Such a proposal is not novel. In fact, upper houses in other jurisdictions have also been assigned the task of preventing the adoption of unconstitutional bills. For example, in France and Poland, when members of the upper houses believe that a bill is unconstitutional, they can seek a ruling from the relevant court. In Canada, the Senate has already engaged in some forms of constitutional review, as occurred with the “Clarity Bill” in the year 2000.
We envision such a system as having the following features, which in time might evolve into constitutional conventions. First, bills should be introduced in the House of Commons, not in the Senate. This is generally the case today, but in a system in which the Senate’s role would be limited to that of reviewing the constitutionality of legislation, it is important that senators not see themselves as lawmakers. Second, the federal government would make clear to potential Senate appointees that they should understand their function to be that of constitutional, not legislative, reviewers. That is to say, they are not to second-guess the policy decisions of the lower house, but to deliberate on the constitutionality of legislation and, if necessary, to formally communicate to the House their conviction that a particular bill appears to be contrary to a constitutional provision. Third, attempts should be made to compel potential senators to voluntarily step down from office after a relatively short term (for example, ten years).

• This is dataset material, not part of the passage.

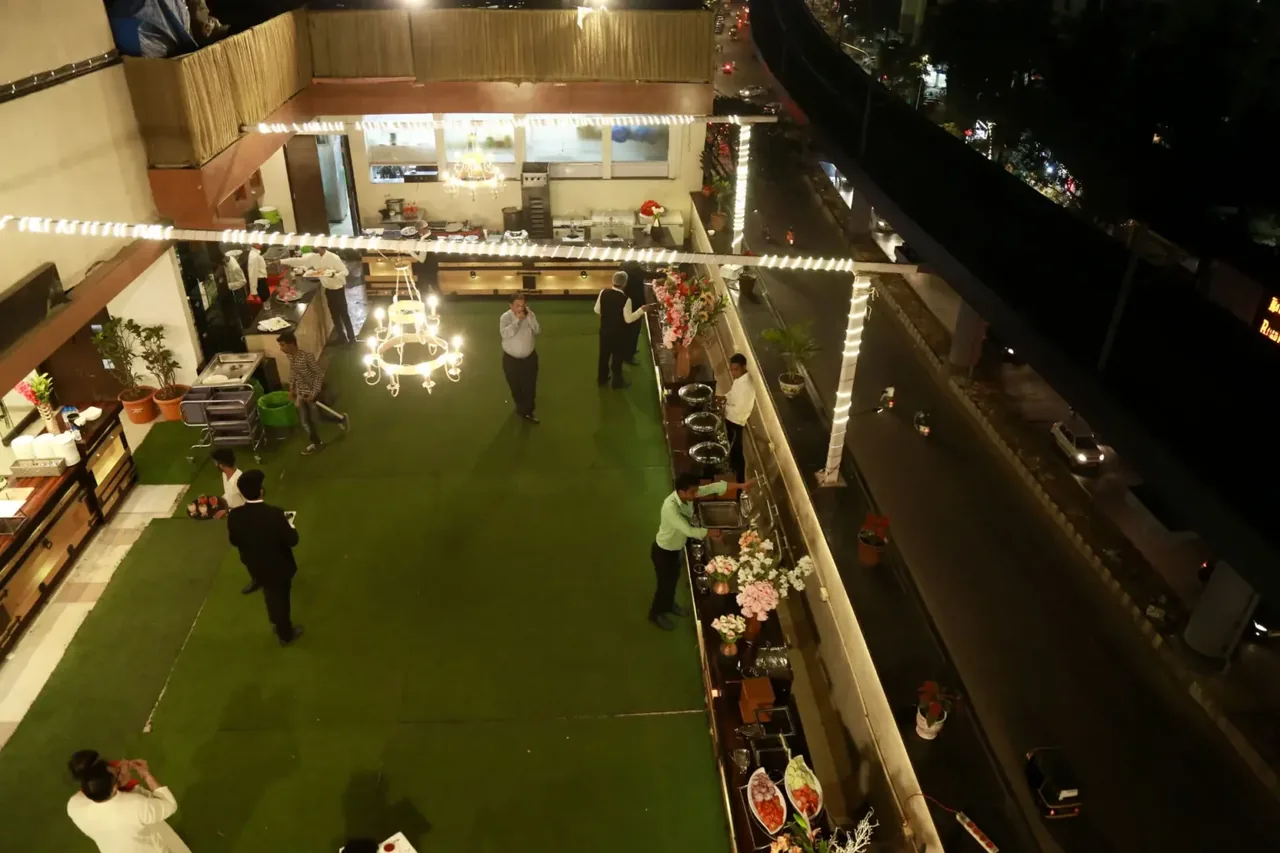 Reception dining setup for Dahisar East and West events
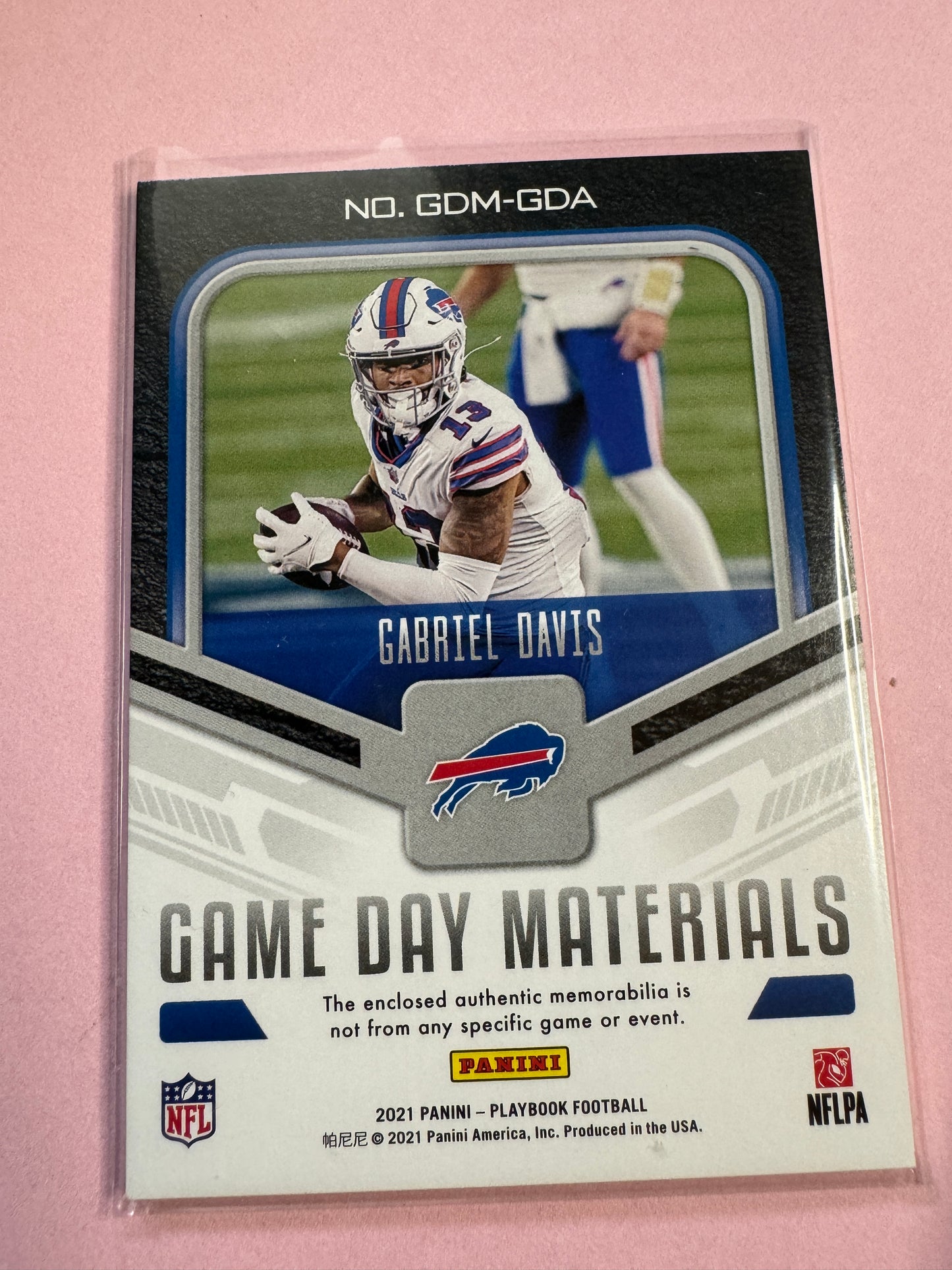 2021 Panini Playbook Fooball | Gabriel Davis #GDM-GDA | Bills | Jersey Patch Relic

Fourth, even in cases in which there is a disagreement between the Senate and the House as to the constitutionality of a bill, the former body should not exercise a veto power, except perhaps in extraordinary circumstances (for example, a House of Commons that approves a bill intended to result in gross human rights violations). In light of a disagreement between an elected and a formally non-elected chamber, the view of the elected chamber should prevail. Fifth, if senators are to continue to be appointed by the Governor General on the recommendation of the Prime Minister, provinces that are committed to an elected Senate should put in place a scheme of non-binding elections of senate nominees; the results of these elections would be formally communicated to the federal government (which would then be expected to consider those results when making appointments). A fully appointed Senate with constitutional review functions, after all, would be akin to an enlarged Supreme Court, which, in the words of Jeremy Waldron, “would be the worst possible outcome.” Finally, the Supreme Court would maintain its power to strike down legislation.

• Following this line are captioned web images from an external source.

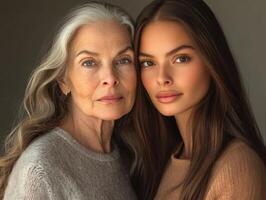 Portrait of two beautiful women, one older and one younger, standing in a relaxed pose, their expressions soft and serene photo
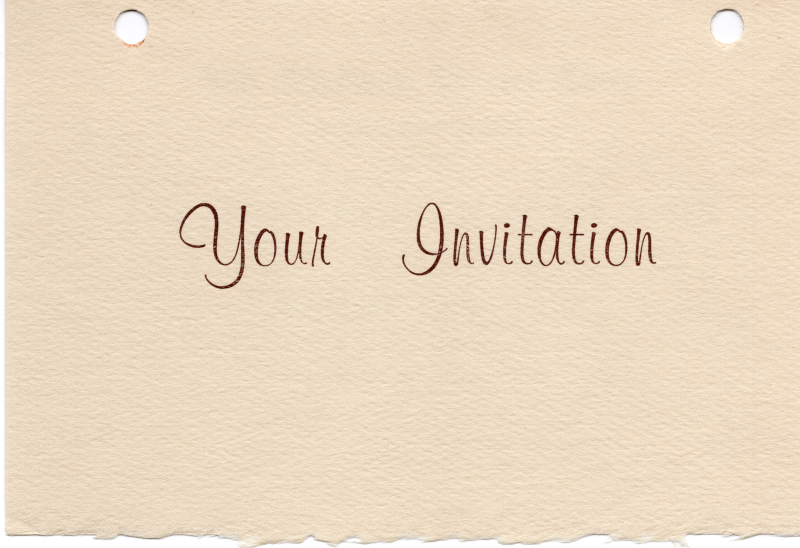 Cover stating, "Your Invitation"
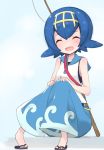  1girl artist_request baggy_pants bangs bare_arms blue_hair blush closed_eyes feet fishing_rod full_body hair_between_eyes hair_ornament hairband happy highres one-piece_swimsuit open_mouth pants pokemon pokemon_(game) pokemon_sm shirt short_hair sitting sleeveless sleeveless_shirt slippers solo suiren_(pokemon) swimsuit swimsuit_under_clothes trial_captain 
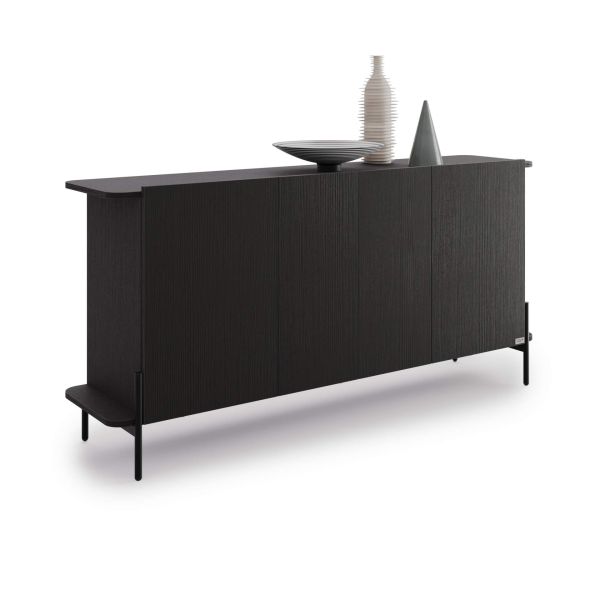 Olivia Sideboard with 4 Doors (65.7x15.9x32.2 in), Ashwood Black detail image 2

In line with the democratic ambition of this proposal, it is important to ensure that the Senate’s deliberations about the constitutionality of federal initiatives are themselves carried out in as thoroughly a democratic way as practicable. To do otherwise would not only undercut the legitimacy of the new role for the Senate, but also confine the structure and substance of such deliberation. The Senate must set its own agenda and develop its own informing theoretical framework in determining what constitutionality means and what it does and does not demand. In particular, it will be essential that Senate debates are not oriented around the Supreme Court’s constitutional jurisprudence or even performed within its capacious argumentative shadow. This would compromise the whole democratic impetus and raison d’être of why the Senate’s institutional responsibilities should be constitutionalized. While Supreme Court jurisprudence might be one resource to be consulted and weighed, it cannot be utilized as the scales of judgment: it must not dominate the discursive orientation and analytical approach of the Senate. This would be to throw good democratic money after bad constitutional money.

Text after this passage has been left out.